Task statement |
Print each record that follows exactly, leaving the pictures behind.

Records |
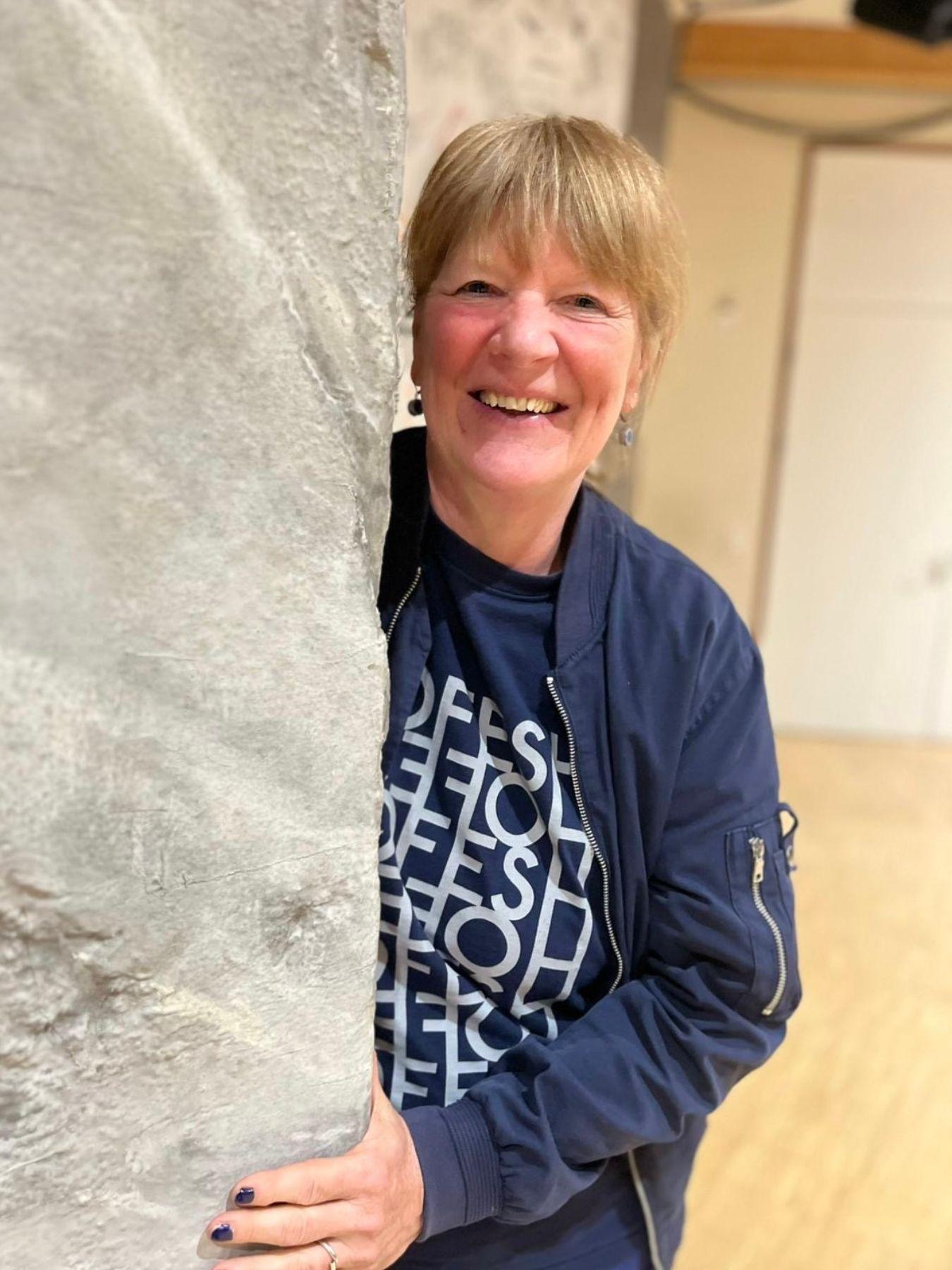 Porträt einer Frau, die in die Kamera lächelt.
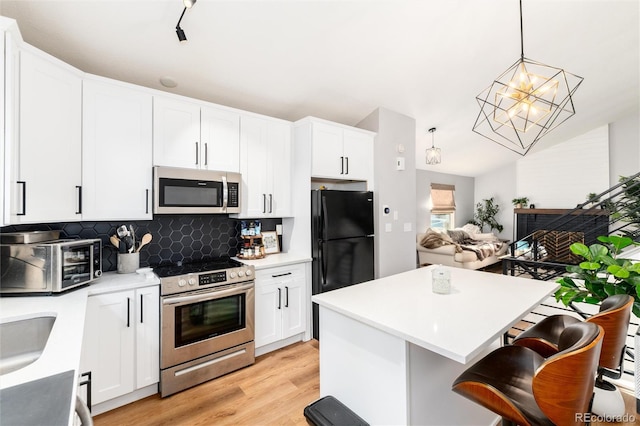 4800 S Tabor St, Morrison, CO 80465 - kitchen with appliances with stainless steel finishes, tasteful backsplash, light wood-style flooring, light countertops, and white cabinets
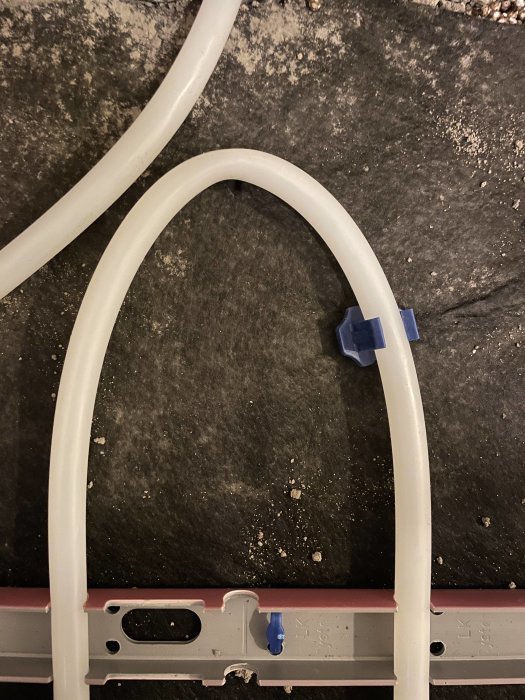 Vit plast, kurvig struktur, blåa klämmor, på mörk smutsig bakgrund, del av en större konstruktion.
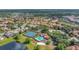 Aerial view of community featuring a pool, tennis courts, and lush landscaping near a scenic pond at 11556 Via Lucerna Cir, Windermere, FL 34786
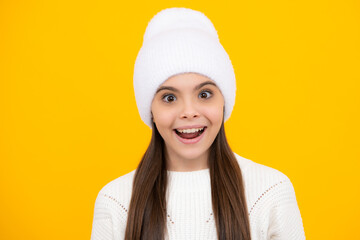 Close up emotional portrait of caucasian smiling teen girl. Head shot of cute teenager child on isolated studio background.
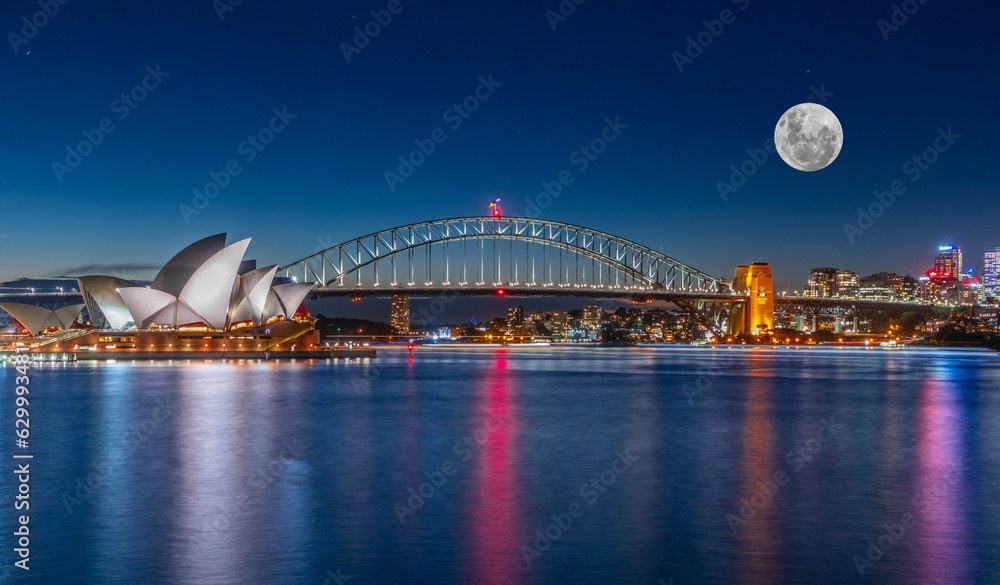 Panoramic night view of Sydney Harbour and CBD buildings on the foreshore in NSW Australia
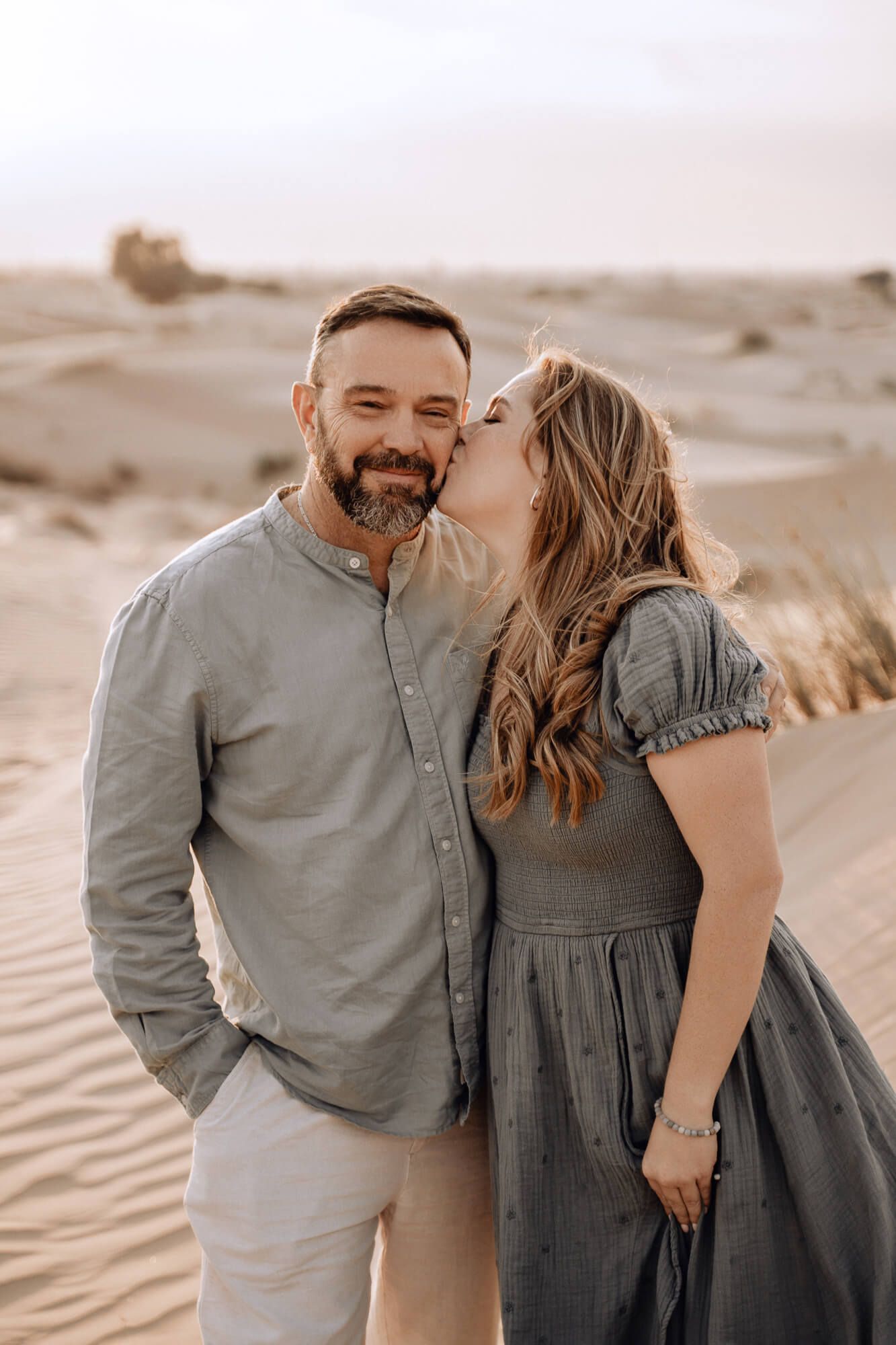 Loving couple shares tender moment against backdrop of rolling desert sand dunes.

Task response |
 Porträt einer Frau, die in die Kamera lächelt.
 4800 S Tabor St, Morrison, CO 80465 - kitchen with appliances with stainless steel finishes, tasteful backsplash, light wood-style flooring, light countertops, and white cabinets
 Vit plast, kurvig struktur, blåa klämmor, på mörk smutsig bakgrund, del av en större konstruktion.
 Aerial view of community featuring a pool, tennis courts, and lush landscaping near a scenic pond at 11556 Via Lucerna Cir, Windermere, FL 34786
 Close up emotional portrait of caucasian smiling teen girl. Head shot of cute teenager child on isolated studio background.
 Panoramic night view of Sydney Harbour and CBD buildings on the foreshore in NSW Australia
 Loving couple shares tender moment against backdrop of rolling desert sand dunes.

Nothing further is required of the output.